-- WHAT IS BEING ASKED --
Restate every line of the data word for word, except for the images.

-- RAW DATA --
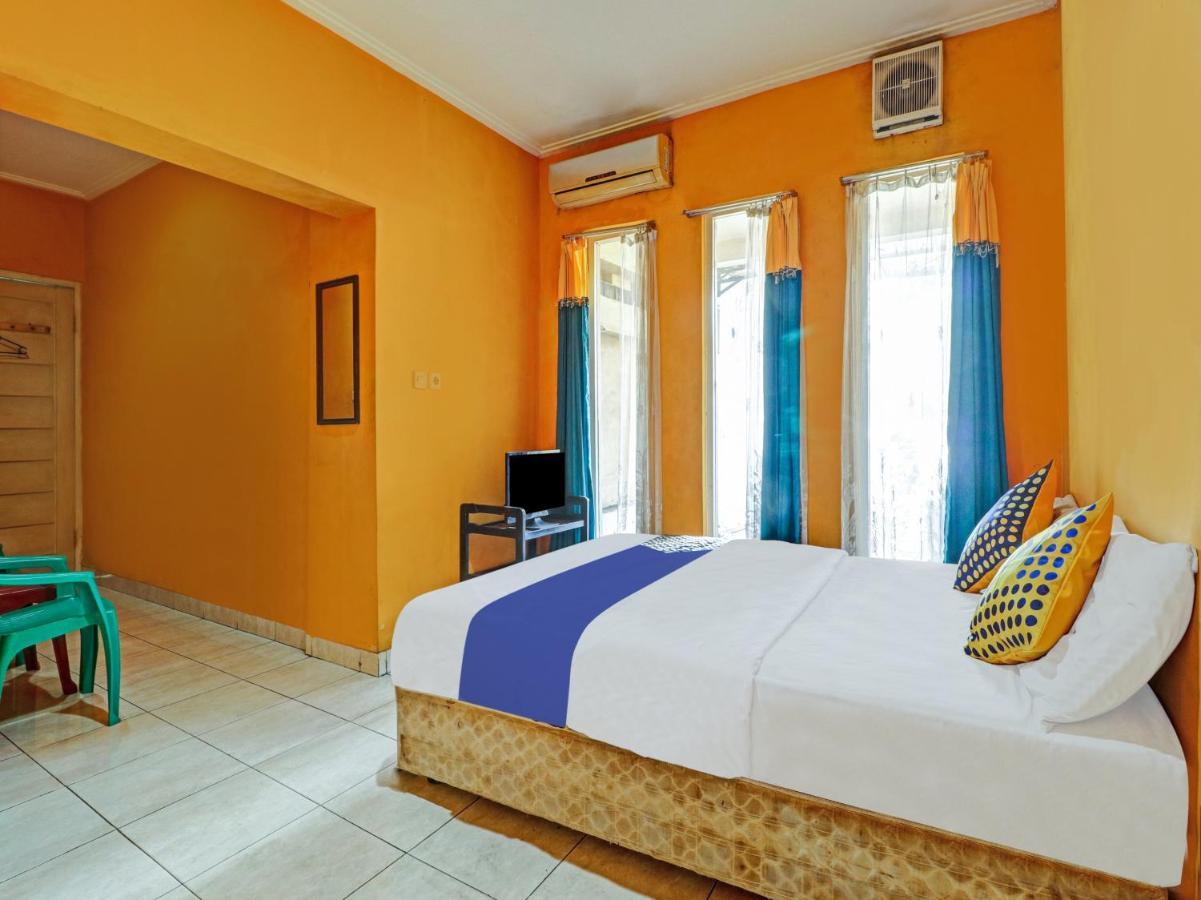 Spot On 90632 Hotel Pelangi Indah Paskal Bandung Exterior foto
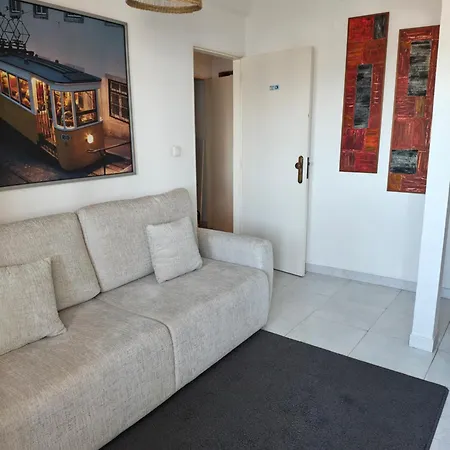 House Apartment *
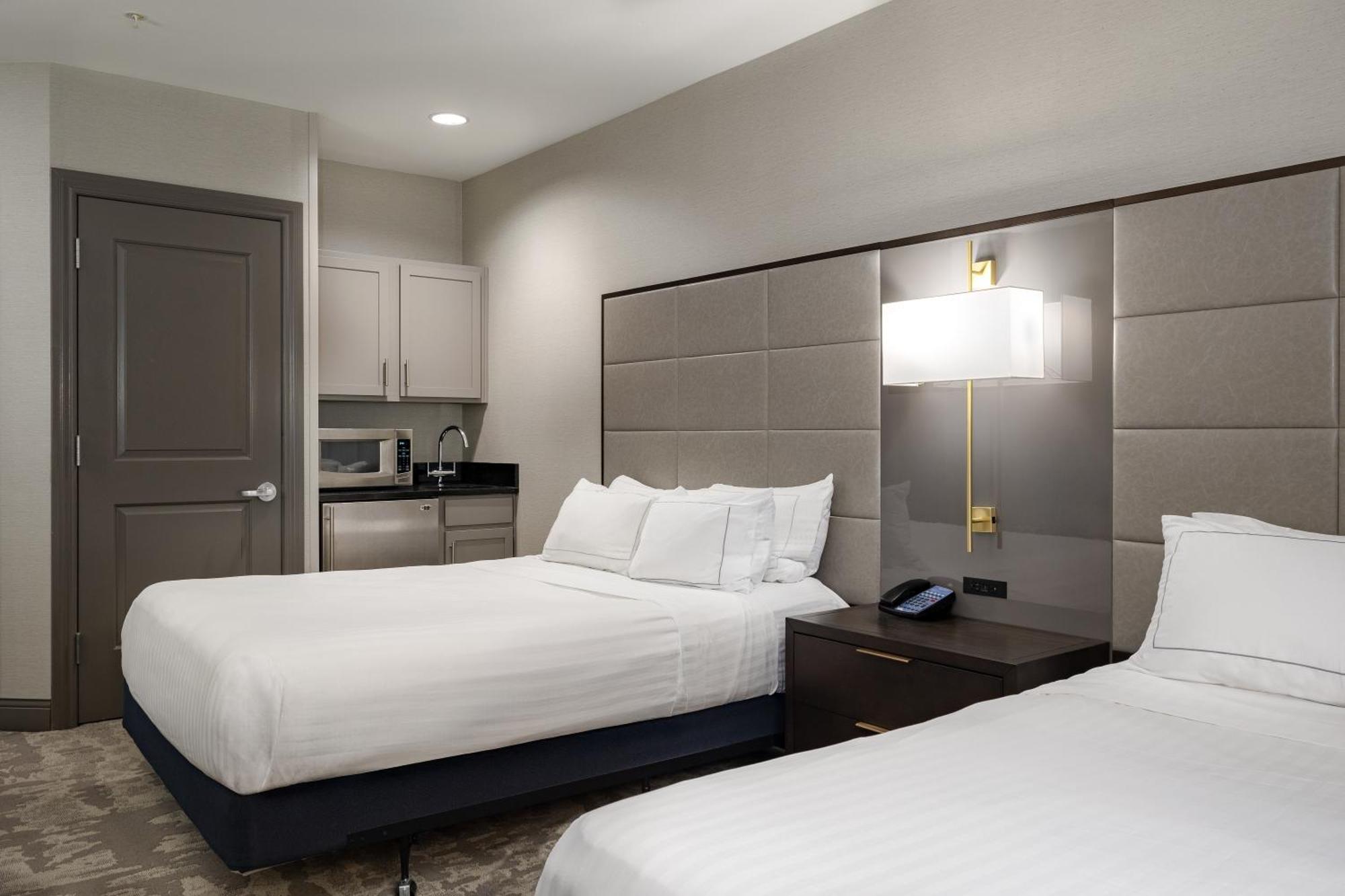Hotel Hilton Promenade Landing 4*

-- FINISHED TASK --
 Spot On 90632 Hotel Pelangi Indah Paskal Bandung Exterior foto
 House Apartment *
Hotel Hilton Promenade Landing 4*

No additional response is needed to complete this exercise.